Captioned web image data
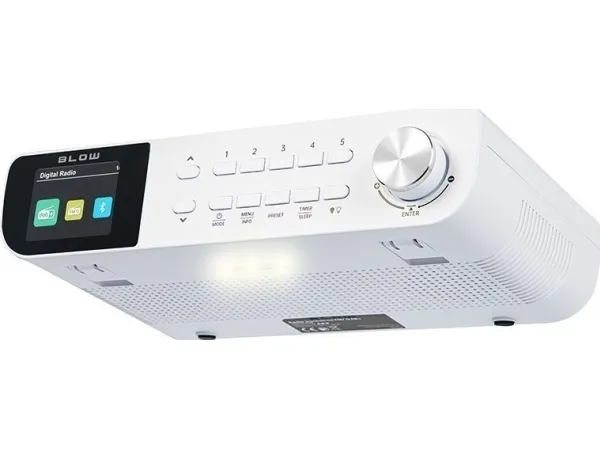 FM/DAB+ BLOW RK1 køkkenradio, hvid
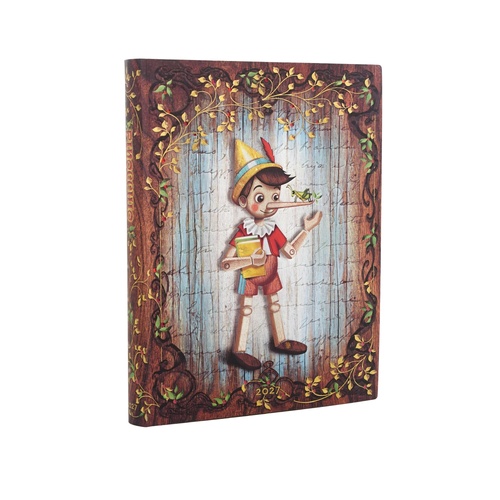 2027 Diary Paperblanks Carlo Collodi, Pinocchio Ultra Day-At-A-Time Day Flexi Softcover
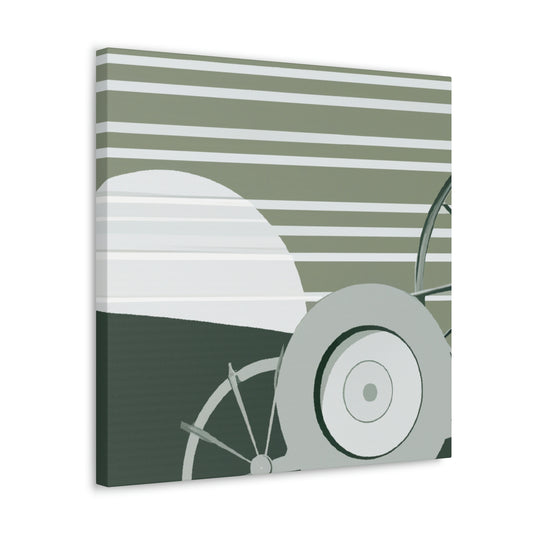 "Industrial Disc Harrow Scene" - Canvas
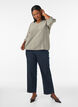 Gemusterte Bluse aus Viskose mit 3/4-&Auml;rmeln, Gr&uuml;n, Model image number 1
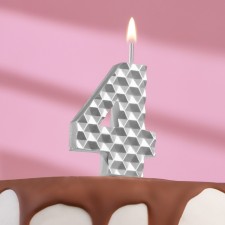 Candle in the cake on the skewer 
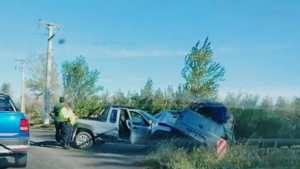 Dos heridos en un accidente de tránsito en Guerrico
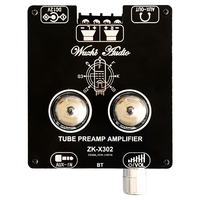 Module d'amplificateur de puissance DC12V ZK-X302 Entrée BT 6J1 6J2 Tube Amplificateur de puissance Module de carte d'amplificateur de puissance HIFI Alimentation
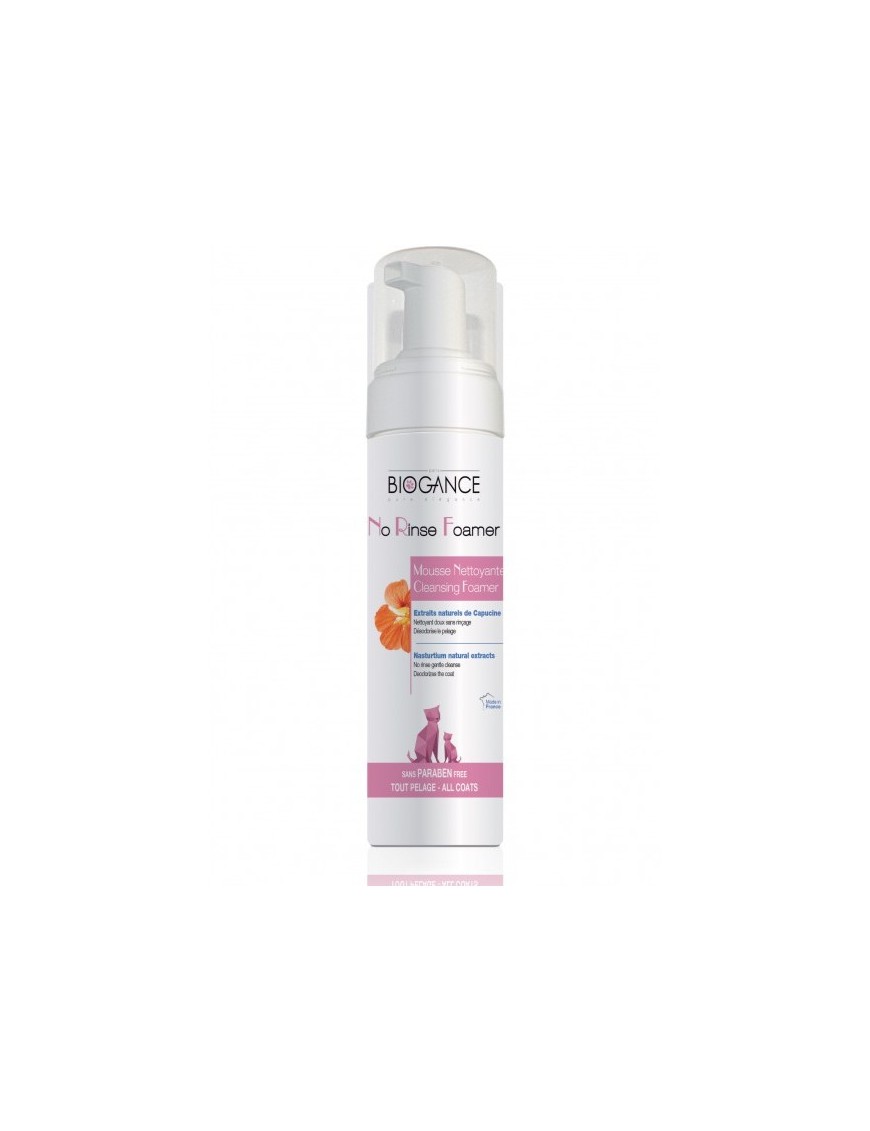 Biogance Mousse sans rinçage Chat 200 ml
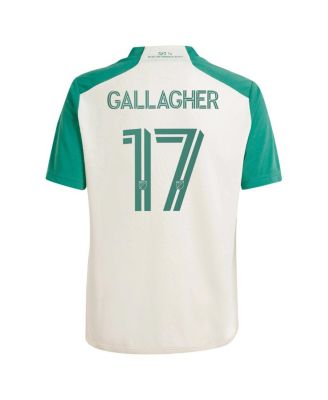 Big Boys and Girls Jon Gallagher Tan Austin FC 2024 The Armadillo Kit Replica Player Jersey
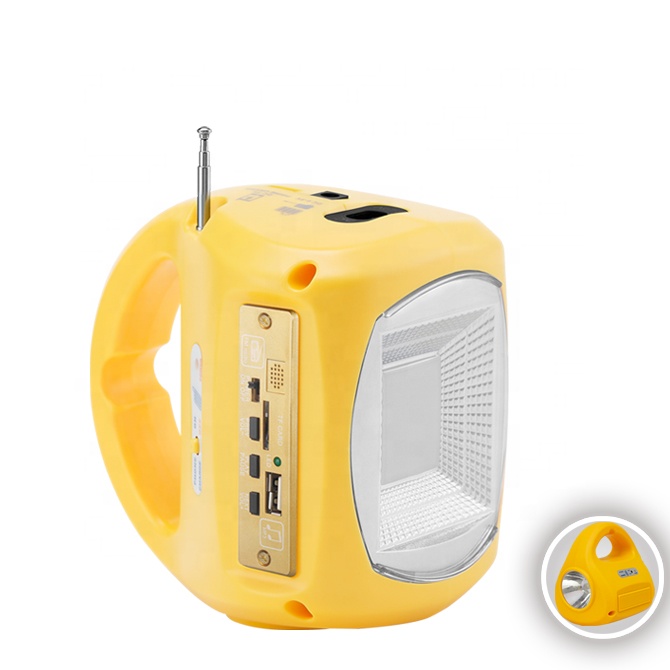 Solar kit LED Emergency searchlight with FM radio and mp3(QM820D)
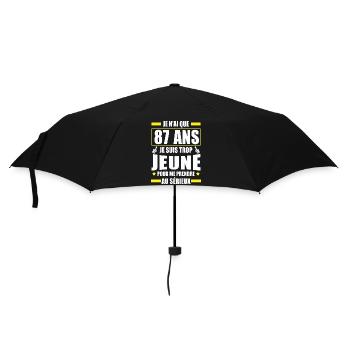 je n ai que 87 ans / humour anniversaire 87 ans - Parapluie standard - noir - Devant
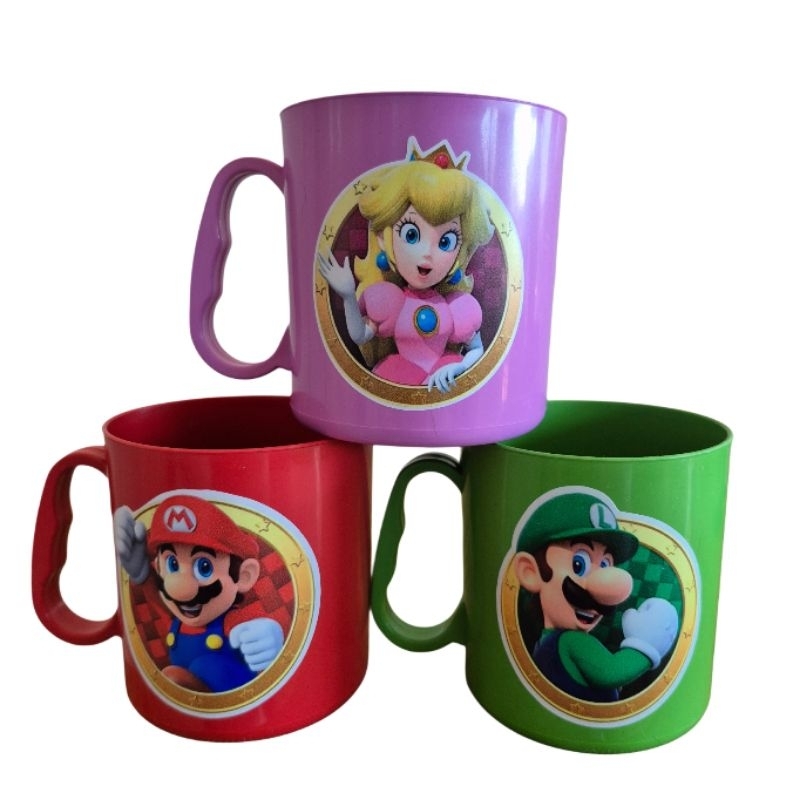 Kit Canecas Personalizadas adesivadas Mario– Tema de Personagem para Lembrancinha de aniversário infantil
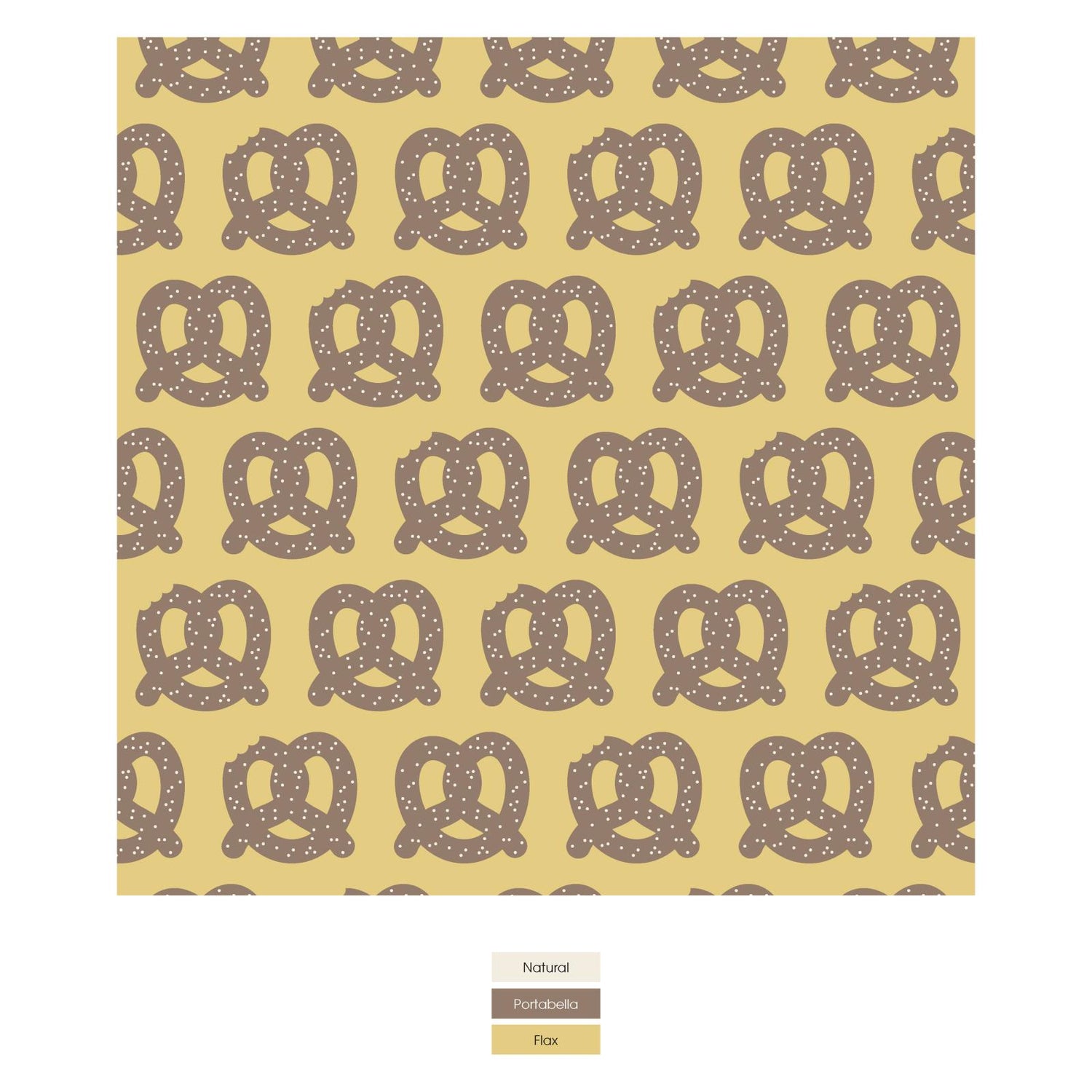 Print Quilted Toddler Blanket in Flax Giant Pretzel/Stormy Sea Fall Fair (333597)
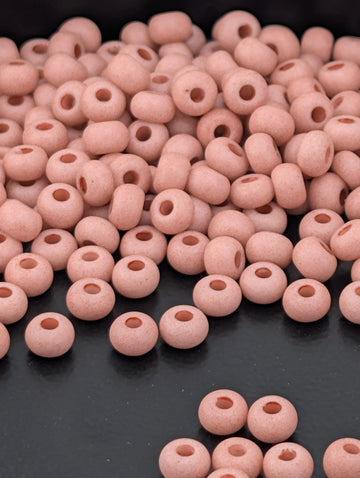 Preciosa Size 6 Seed Beads: Pink Opal Czech Glass, 20g Package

Problem - The expected response is every entry above, repeated exactly, pictures removed.

Response -
 FM/DAB+ BLOW RK1 køkkenradio, hvid
 2027 Diary Paperblanks Carlo Collodi, Pinocchio Ultra Day-At-A-Time Day Flexi Softcover
 "Industrial Disc Harrow Scene" - Canvas
 Gemusterte Bluse aus Viskose mit 3/4-&Auml;rmeln, Gr&uuml;n, Model image number 1
 Candle in the cake on the skewer 
 Dos heridos en un accidente de tránsito en Guerrico
 Module d'amplificateur de puissance DC12V ZK-X302 Entrée BT 6J1 6J2 Tube Amplificateur de puissance Module de carte d'amplificateur de puissance HIFI Alimentation
 Biogance Mousse sans rinçage Chat 200 ml
 Big Boys and Girls Jon Gallagher Tan Austin FC 2024 The Armadillo Kit Replica Player Jersey
 Solar kit LED Emergency searchlight with FM radio and mp3(QM820D)
 je n ai que 87 ans / humour anniversaire 87 ans - Parapluie standard - noir - Devant
 Kit Canecas Personalizadas adesivadas Mario– Tema de Personagem para Lembrancinha de aniversário infantil
 Print Quilted Toddler Blanket in Flax Giant Pretzel/Stormy Sea Fall Fair (333597)
 Preciosa Size 6 Seed Beads: Pink Opal Czech Glass, 20g Package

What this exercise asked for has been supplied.